Régis Labeaume (au centre) a exigé que soit fermée la porte de son bureau, lundi soir, avant la séance du conseil municipal. Le maire de Québec a ainsi décidé de punir la large majorité de journalistes arrivés deux minutes en retard à son point de presse. Seules deux journalistes du Journal de Québec ont pu avoir accès à temps et recueillir les propos du maire sur des sujets aussi importants que la rencontre de mardi matin sur les régimes de retraite.

La FPJQ écorche Labeaume pour avoir boycotté des journalistes

La Fédération professionnelle des journalistes du Québec (FPJQ) condamne la décision du maire Régis Labeaume d'exclure certains journalistes de son point de presse qui se tenait lundi soir, avant le conseil municipal.
Dans un communiqué de presse, la FPJQ estime que le maire a eu un «accès de colère indigne de sa fonction» en rejetant les journalistes arrivés en retard de deux minutes à son point de presse parce qu'ils complétaient un entretien avec le chef de l'opposition, Paul Shoiry. La Fédération rappelle que l'horaire normal avait été retardé, lundi, en raison d'un point de presse du Carnaval de Québec.
Les journalistes du Journal de Québec Karine Gagnon et Marianne White ont tout de même pu poser des questions au maire, car elles ont quitté M. Shoiry plus tôt que leurs collègues pour se rendre auprès de M. Labeaume.
Devant cette situation, les journalistes Gagnon et White ont fourni l'enregistrement de la courte mêlée de presse avec M. Labeaume à leurs collègues afin de garantir l'accès à l'information à la population. Sur l'enregistrement, on entend le maire dire : «Il est trop tard. Ils ont fait leur choix», en faisant référence aux journalistes qui ont terminé leur entretien avec M. Shoiry.

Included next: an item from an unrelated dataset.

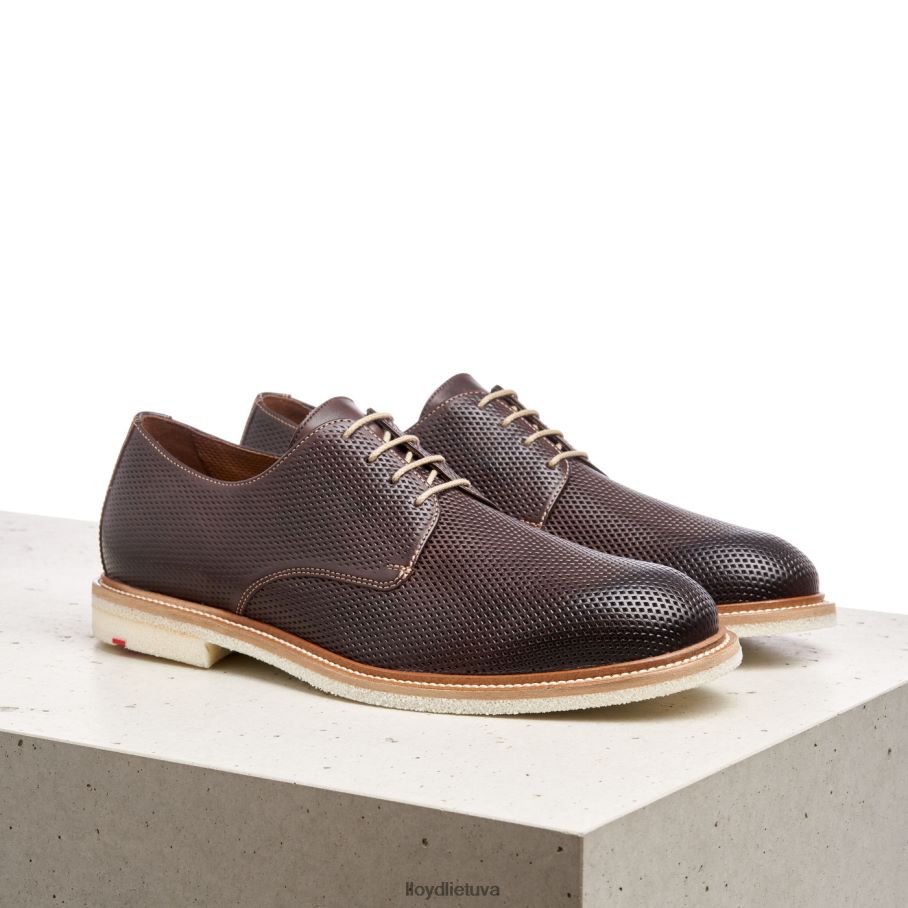 LLOYD palma vyrų avalynė rudas VF40PZ226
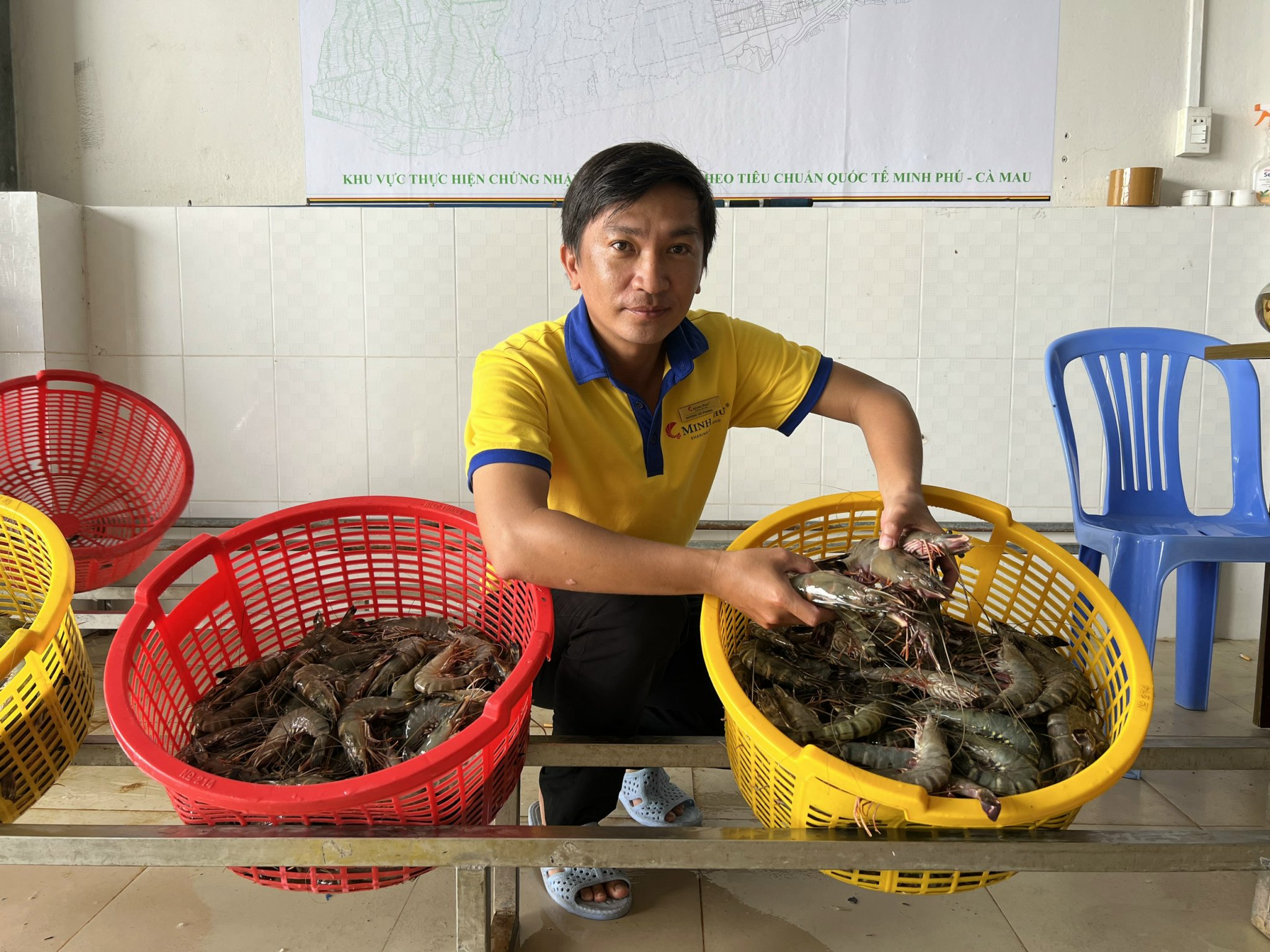 Với kỹ thuật nuôi thuận tự nhiên, tôm sinh thái là hướng phát triển sản xuất bền vững cho bà con nông dân. Ảnh: Văn Vũ.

«La FPJQ se réjouit de voir que les journalistes de médias concurrents ont fait preuve d'une solidarité qui a permis aux citoyens d'avoir accès à l'information qui leur était due, lit-on dans le communiqué. En ce lundi de janvier, des journalistes de Québec ont compensé le déficit démocratique causé par le maire de la capitale nationale.»
Réplique de Labeaume
Mardi après-midi, le maire Labeaume a motivé sa décision de lundi soir en disant qu'il était pressé et qu'il ne voulait pas répéter pour les journalistes retardataires. Il ne s'est pas engagé à modifier son approche si une situation similaire devait se présenter pour un prochain point de presse.
«Quand vous [les journalistes] arrivez en retard, ça veut dire qu'il faut que je répète. [...] Vous connaissez ma règle, je veux pas répéter.»
Plus tard, il a ajouté : «Vous avez une grande collaboration avec moi, vous avez toujours accès, mais comprenez mon travail. [...] On est accessible, mais on ne veut pas répéter, alors organisez-vous!»
Le maire assure que sa décision d'exclure les journalistes n'avait rien à voir avec le fait qu'ils étaient à réaliser un entretien avec le chef de l'opposition.
«Vous auriez été avec une autre personne que Paul Shoiry, ç'aurait été la même affaire!»